As a responsible personal financial adviser, I’d like to draw this issue to the attention of my clients and contacts.
Understand Your State Pension Entitlements
I’m sure that lots of people will be unaware that the cost of filling historic gaps in their NI record is due to increase in April. I recommend that anyone thinking of filling such gaps, if it’ll increase your pension by doing so, should consider topping up before April 6.
Many people don’t realise that they have gaps in their NI records, so it’s always worth checking. Firstly, get a State Pension statement which will tell you how much State Pension you may get. Secondly, you can then apply for a National Insurance statement from HM Revenue and Customs (HMRC) to check if your record has gaps.
For someone with NI contribution gaps and reasonable life expectancy, topping up the State Pension is with normally give a good return on your investment.
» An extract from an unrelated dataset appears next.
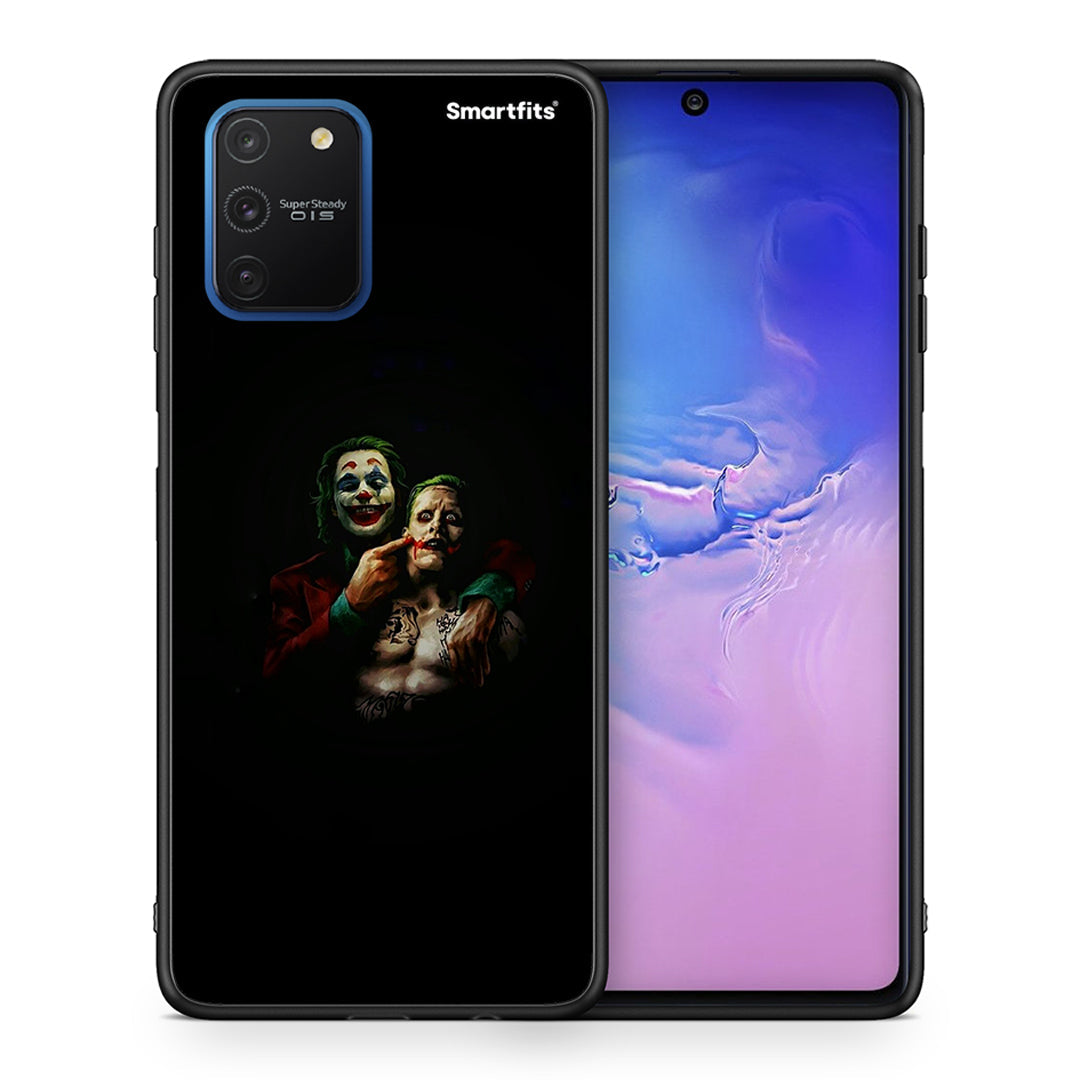 Θήκη Samsung Galaxy S10 Lite Clown Hero από τη Smartfits με σχέδιο στο πίσω μέρος και μαύρο περίβλημα | Samsung Galaxy S10 Lite Clown Hero case with colorful back and black bezels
The only significant risk is longevity. You may not get back what you put in, in the event of early death. As a long-term financial planning strategy, however, it probably makes sense to top-up your State Pension.
In general, the cost of buying a year post 2016/17 is £740 and could increase state pension by up to £245 per annum. So, you’ll need to survive about 3 years from state retirement age, to make it worthwhile, which hopefully most people will. That does assume you’re a non-tax-payer by then. For a basic rate taxpayer break-even is nearly four years, and for a higher rate taxpayer just over five.
Topping up your State Pension before April is sensible into order to benefit from the current, concessionary rate. Making up any gaps after April 5 will most likely cost you a lot more for the same benefit. And increase your risk of not getting a positive return, too, of course.
At present, anyone covered by the new state pension system with a gap in their NI record for any year from 2006/07 to 2015/16 has until April 5 2023 to fill those gaps. On the face of it, this means that there is no rush to do so. However, under a special concession, those who pay voluntary contributions by April 5 2019 qualify for special rates.
Also, I recommend that my clients obtain a state pension statement in order to find out where they stand as they approach their target retirement age, irrespective of whether that’s the same as their state pension age.
If you find yourself not working, or eligible to obtain credits in another way, via receipt of carer’s allowance for example, then it’s worth looking at ‘topping up’ where possible.
To summarise, topping up your state pension is a good way to increase your guaranteed income in retirement with minimal outlay. And those benefits should increase further with ‘the triple lock’ of increments.